**Task item:** Please reproduce the listing below exactly, leaving out every picture.
(Beginning of Given data)
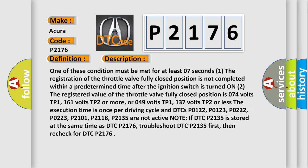One of these conditions must be met for at least 0.7 seconds. First, the registration of the throttle valve fully closed position is not completed within a predetermined time after the ignition switch is turned on. The registered value of the throttle valve fully closed position is 0.74 volts TP1 / 1.61 volts TP2 or more, or 0.49 volts TP1 / 1.37 volts TP2 or less. The execution time is once per driving cycle, and DTCs P0122, P0123, P0222, P0223, P2101, P2118, and P2135 are not active. Note: if DTC P2135 is stored at the same time as DTC P2176, troubleshoot DTC P2135 first, then recheck for DTC P2176.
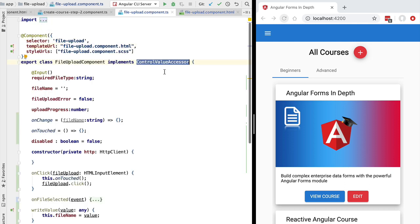With this we have finished the implementation of the four methods of the ControlValueAccessor interface. However, that by itself is not yet sufficient for turning this custom component into a custom form control — there is still more to add. Let's finish our file upload component and try it out in our next lesson.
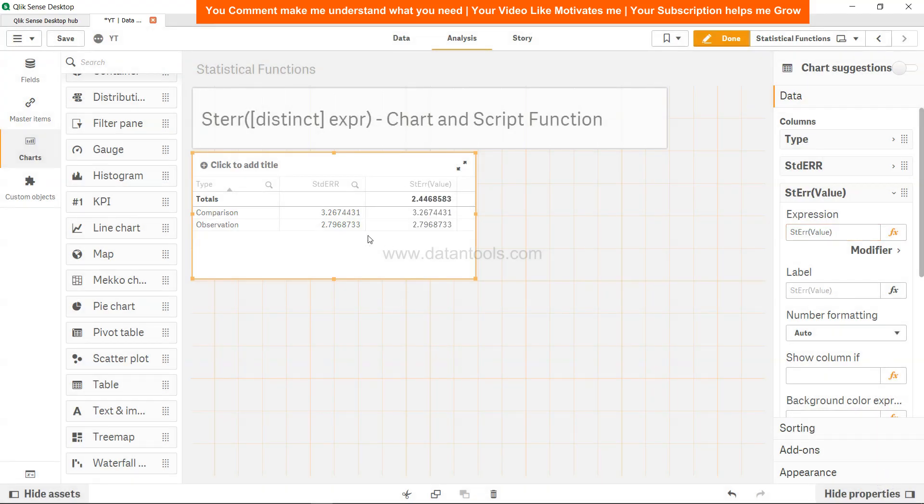Click apply and yeah, you will get the same value along with that. You will get the standard error for the entire data as well. So that's the benefit you get in the expression.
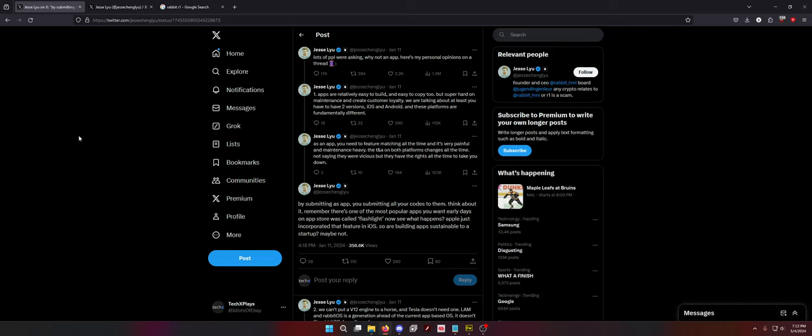As an app, you need to feature match all the time and it's very painful and maintenance heavy. Again, depends on how you create the app. If you create it in a newbie sense, yes, it's a pain in the butt because you have two very different projects. If you create it with a platform that compiles for both, but that really only exists with gaming and barely. There's still a lot of differences in iOS and Android.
(End of Given data)
**Your response:**
One of these conditions must be met for at least 0.7 seconds. First, the registration of the throttle valve fully closed position is not completed within a predetermined time after the ignition switch is turned on. The registered value of the throttle valve fully closed position is 0.74 volts TP1 / 1.61 volts TP2 or more, or 0.49 volts TP1 / 1.37 volts TP2 or less. The execution time is once per driving cycle, and DTCs P0122, P0123, P0222, P0223, P2101, P2118, and P2135 are not active. Note: if DTC P2135 is stored at the same time as DTC P2176, troubleshoot DTC P2135 first, then recheck for DTC P2176.
With this we have finished the implementation of the four methods of the ControlValueAccessor interface. However, that by itself is not yet sufficient for turning this custom component into a custom form control — there is still more to add. Let's finish our file upload component and try it out in our next lesson.
Click apply and yeah, you will get the same value along with that. You will get the standard error for the entire data as well. So that's the benefit you get in the expression.
As an app, you need to feature match all the time and it's very painful and maintenance heavy. Again, depends on how you create the app. If you create it in a newbie sense, yes, it's a pain in the butt because you have two very different projects. If you create it with a platform that compiles for both, but that really only exists with gaming and barely. There's still a lot of differences in iOS and Android.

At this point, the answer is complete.